(Items listed in a dataset)
=-=-=-=-=
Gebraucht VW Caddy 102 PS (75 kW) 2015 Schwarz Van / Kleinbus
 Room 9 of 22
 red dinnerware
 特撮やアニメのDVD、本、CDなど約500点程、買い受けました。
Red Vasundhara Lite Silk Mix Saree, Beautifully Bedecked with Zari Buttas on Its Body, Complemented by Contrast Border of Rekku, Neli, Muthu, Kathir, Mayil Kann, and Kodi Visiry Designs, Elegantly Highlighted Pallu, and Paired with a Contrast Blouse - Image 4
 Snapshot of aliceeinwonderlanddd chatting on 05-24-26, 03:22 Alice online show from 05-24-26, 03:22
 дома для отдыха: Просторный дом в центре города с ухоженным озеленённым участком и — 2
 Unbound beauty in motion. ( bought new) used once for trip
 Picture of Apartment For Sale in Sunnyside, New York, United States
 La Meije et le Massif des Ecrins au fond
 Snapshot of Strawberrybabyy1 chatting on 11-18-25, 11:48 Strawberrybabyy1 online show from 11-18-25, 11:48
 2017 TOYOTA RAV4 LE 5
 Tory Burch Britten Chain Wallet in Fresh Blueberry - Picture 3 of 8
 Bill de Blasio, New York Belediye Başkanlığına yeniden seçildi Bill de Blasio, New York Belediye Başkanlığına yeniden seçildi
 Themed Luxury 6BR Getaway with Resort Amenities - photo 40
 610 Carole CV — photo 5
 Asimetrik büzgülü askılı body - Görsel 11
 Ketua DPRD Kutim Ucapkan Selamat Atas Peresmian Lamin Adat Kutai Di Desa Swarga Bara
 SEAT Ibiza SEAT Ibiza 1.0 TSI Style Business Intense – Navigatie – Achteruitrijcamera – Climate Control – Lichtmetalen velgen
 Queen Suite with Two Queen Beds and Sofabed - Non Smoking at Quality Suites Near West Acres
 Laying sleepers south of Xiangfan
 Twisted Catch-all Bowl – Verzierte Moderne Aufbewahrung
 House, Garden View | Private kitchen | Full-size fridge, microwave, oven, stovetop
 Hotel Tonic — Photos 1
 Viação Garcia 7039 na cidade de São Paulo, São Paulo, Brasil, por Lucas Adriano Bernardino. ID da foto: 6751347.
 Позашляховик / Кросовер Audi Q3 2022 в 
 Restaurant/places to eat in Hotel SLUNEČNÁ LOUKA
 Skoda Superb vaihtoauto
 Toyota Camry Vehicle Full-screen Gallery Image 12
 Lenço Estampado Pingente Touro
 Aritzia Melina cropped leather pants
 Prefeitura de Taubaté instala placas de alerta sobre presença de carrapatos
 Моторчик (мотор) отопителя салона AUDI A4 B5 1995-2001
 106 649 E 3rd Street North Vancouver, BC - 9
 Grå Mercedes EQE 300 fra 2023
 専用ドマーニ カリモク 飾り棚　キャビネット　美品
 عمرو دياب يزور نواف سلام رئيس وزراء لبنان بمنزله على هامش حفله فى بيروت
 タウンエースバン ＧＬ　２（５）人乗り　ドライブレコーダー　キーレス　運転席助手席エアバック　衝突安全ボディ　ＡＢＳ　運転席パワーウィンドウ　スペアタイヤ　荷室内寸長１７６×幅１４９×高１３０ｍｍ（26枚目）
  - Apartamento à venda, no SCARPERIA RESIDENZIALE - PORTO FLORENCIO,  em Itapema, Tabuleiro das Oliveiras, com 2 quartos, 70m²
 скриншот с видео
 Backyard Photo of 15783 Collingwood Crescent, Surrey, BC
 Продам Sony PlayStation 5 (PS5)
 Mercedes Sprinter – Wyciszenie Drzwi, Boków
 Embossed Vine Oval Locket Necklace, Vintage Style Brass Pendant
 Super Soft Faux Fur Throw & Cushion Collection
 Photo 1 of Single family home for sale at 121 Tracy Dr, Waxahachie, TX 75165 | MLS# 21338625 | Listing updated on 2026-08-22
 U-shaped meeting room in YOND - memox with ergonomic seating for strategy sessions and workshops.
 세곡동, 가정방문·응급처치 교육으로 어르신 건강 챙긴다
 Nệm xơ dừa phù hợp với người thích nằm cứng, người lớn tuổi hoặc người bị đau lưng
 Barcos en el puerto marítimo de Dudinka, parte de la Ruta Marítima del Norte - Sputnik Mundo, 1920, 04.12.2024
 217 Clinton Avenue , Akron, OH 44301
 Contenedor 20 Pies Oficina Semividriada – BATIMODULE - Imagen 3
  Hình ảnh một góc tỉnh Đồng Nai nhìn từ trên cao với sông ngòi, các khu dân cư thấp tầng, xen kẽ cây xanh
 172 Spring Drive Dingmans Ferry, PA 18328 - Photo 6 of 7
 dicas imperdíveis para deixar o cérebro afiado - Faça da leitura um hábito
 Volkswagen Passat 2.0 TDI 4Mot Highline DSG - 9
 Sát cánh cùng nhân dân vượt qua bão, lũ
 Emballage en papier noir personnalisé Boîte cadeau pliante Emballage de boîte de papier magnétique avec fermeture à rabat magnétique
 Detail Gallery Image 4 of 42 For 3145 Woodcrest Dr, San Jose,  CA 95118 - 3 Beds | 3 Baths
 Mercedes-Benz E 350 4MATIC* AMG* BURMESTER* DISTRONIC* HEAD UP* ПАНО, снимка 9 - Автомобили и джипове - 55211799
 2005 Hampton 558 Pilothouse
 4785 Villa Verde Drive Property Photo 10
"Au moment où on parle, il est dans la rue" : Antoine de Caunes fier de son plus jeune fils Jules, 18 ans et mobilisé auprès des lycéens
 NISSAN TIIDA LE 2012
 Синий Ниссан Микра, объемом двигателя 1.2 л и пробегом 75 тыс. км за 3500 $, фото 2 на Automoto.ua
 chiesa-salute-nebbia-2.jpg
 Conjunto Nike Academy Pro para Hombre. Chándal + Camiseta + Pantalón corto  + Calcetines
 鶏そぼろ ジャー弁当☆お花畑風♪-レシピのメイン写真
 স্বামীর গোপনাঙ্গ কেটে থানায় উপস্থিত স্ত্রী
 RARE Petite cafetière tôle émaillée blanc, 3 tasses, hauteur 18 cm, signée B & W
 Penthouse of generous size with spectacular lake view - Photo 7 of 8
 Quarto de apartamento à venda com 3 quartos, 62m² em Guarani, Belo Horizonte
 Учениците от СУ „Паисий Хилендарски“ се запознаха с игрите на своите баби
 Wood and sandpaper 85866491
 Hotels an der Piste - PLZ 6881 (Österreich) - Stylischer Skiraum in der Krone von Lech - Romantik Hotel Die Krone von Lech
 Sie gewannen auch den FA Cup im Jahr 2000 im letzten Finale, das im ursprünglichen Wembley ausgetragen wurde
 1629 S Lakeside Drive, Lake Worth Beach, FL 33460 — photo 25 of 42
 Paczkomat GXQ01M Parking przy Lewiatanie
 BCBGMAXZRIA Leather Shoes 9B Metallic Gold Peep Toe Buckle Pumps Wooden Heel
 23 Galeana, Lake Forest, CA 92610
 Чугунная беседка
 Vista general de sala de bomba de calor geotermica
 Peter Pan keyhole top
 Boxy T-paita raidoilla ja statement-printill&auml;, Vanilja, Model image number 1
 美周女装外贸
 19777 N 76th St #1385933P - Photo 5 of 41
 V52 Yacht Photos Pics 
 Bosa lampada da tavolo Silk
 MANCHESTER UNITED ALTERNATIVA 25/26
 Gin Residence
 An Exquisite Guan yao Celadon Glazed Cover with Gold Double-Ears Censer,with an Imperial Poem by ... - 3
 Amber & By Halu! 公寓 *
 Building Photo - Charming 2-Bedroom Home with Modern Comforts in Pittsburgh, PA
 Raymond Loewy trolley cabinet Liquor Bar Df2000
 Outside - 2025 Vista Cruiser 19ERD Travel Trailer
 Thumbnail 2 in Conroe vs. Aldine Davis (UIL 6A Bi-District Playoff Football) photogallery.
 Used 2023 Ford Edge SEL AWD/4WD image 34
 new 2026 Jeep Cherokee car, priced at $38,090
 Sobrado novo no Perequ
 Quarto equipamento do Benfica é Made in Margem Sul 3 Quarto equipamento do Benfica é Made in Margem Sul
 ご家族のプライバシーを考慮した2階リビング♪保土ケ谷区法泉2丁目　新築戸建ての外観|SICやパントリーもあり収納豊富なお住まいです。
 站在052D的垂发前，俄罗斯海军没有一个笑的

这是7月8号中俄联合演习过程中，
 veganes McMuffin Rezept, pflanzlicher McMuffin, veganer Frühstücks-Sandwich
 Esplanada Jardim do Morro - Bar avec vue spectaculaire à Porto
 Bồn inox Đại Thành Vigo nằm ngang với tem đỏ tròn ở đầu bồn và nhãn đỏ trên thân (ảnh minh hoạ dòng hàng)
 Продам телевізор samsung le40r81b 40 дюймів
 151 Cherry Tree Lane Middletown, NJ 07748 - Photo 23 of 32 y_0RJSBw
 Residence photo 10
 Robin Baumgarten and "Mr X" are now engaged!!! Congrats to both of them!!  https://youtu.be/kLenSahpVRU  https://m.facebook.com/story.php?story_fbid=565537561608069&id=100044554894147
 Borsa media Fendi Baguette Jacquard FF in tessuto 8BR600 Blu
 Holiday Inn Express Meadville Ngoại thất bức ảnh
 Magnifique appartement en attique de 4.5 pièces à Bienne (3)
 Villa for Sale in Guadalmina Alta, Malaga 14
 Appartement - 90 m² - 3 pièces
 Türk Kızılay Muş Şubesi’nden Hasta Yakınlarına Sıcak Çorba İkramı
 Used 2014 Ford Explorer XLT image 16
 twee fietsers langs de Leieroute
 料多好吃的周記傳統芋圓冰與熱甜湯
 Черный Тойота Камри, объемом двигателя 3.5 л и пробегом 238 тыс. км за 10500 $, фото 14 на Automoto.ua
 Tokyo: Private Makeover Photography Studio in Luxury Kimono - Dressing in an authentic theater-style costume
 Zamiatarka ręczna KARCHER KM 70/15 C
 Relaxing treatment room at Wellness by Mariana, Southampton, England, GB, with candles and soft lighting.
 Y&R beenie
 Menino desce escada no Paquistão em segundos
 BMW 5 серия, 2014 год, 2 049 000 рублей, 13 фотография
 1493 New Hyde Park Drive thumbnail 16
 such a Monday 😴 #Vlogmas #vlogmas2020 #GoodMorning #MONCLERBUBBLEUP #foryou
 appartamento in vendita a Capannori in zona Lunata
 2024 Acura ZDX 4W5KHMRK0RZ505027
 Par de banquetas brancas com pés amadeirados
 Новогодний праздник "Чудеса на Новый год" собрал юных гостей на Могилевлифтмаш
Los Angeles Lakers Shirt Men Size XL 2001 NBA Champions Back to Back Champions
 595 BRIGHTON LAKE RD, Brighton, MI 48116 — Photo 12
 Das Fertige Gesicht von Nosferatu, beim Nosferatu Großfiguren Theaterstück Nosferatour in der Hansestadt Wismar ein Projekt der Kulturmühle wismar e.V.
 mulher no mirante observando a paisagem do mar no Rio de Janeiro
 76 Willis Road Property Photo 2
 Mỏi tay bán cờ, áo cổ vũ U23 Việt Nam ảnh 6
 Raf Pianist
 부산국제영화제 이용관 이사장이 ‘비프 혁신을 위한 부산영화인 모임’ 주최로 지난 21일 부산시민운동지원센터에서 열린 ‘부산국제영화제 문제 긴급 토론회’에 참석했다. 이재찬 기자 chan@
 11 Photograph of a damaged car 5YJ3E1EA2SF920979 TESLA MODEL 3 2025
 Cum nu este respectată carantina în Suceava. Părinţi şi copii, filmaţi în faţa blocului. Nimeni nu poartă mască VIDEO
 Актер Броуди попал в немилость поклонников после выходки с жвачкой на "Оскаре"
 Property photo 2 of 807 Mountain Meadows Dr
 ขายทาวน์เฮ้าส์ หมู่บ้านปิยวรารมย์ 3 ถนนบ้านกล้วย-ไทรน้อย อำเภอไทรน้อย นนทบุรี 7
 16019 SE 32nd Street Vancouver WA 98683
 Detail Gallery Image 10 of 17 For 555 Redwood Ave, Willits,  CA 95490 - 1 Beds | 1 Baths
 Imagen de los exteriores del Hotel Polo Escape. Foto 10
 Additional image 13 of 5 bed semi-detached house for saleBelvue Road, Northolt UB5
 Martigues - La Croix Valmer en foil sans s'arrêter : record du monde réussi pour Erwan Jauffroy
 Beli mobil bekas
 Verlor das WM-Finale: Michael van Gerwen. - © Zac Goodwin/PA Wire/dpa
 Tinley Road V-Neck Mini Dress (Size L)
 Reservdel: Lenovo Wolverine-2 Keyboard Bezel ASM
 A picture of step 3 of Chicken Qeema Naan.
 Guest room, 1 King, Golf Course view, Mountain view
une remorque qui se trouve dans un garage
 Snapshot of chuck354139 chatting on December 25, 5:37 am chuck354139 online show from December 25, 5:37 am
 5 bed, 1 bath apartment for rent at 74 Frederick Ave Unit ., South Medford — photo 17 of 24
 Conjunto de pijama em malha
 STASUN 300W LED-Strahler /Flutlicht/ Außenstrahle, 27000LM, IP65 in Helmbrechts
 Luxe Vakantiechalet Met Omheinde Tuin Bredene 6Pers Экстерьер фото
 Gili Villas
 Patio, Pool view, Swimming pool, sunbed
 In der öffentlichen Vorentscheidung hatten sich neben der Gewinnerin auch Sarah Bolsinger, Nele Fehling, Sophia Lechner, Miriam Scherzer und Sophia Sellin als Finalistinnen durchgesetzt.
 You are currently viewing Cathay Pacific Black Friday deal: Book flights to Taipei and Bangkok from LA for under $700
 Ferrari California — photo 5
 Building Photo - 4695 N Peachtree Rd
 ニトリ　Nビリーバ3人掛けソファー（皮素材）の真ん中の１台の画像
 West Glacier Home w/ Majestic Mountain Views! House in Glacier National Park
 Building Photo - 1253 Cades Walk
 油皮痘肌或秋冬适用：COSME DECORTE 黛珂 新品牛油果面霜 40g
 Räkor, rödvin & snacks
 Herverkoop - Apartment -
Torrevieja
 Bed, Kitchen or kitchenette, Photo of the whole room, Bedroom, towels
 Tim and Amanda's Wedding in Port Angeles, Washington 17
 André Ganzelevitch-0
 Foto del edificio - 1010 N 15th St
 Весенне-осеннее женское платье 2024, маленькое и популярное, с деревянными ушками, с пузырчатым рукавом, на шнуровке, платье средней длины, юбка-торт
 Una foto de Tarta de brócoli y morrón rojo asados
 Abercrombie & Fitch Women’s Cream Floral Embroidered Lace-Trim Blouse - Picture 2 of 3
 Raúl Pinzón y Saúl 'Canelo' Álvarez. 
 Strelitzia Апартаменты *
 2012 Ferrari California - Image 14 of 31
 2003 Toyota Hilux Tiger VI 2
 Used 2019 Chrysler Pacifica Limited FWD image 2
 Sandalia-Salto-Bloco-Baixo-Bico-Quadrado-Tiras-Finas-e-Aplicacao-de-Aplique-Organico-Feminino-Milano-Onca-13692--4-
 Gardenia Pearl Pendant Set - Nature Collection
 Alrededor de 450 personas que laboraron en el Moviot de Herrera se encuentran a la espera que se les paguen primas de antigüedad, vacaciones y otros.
=-=-=-=-=
> Exercise prompt
Your reply should hold only the lines from the first line of the records through the one with "дома для отдыха: Просторный", reproduced word for word.

> Result of this task
Gebraucht VW Caddy 102 PS (75 kW) 2015 Schwarz Van / Kleinbus
 Room 9 of 22
 red dinnerware
 特撮やアニメのDVD、本、CDなど約500点程、買い受けました。
Red Vasundhara Lite Silk Mix Saree, Beautifully Bedecked with Zari Buttas on Its Body, Complemented by Contrast Border of Rekku, Neli, Muthu, Kathir, Mayil Kann, and Kodi Visiry Designs, Elegantly Highlighted Pallu, and Paired with a Contrast Blouse - Image 4
 Snapshot of aliceeinwonderlanddd chatting on 05-24-26, 03:22 Alice online show from 05-24-26, 03:22
 дома для отдыха: Просторный дом в центре города с ухоженным озеленённым участком и — 2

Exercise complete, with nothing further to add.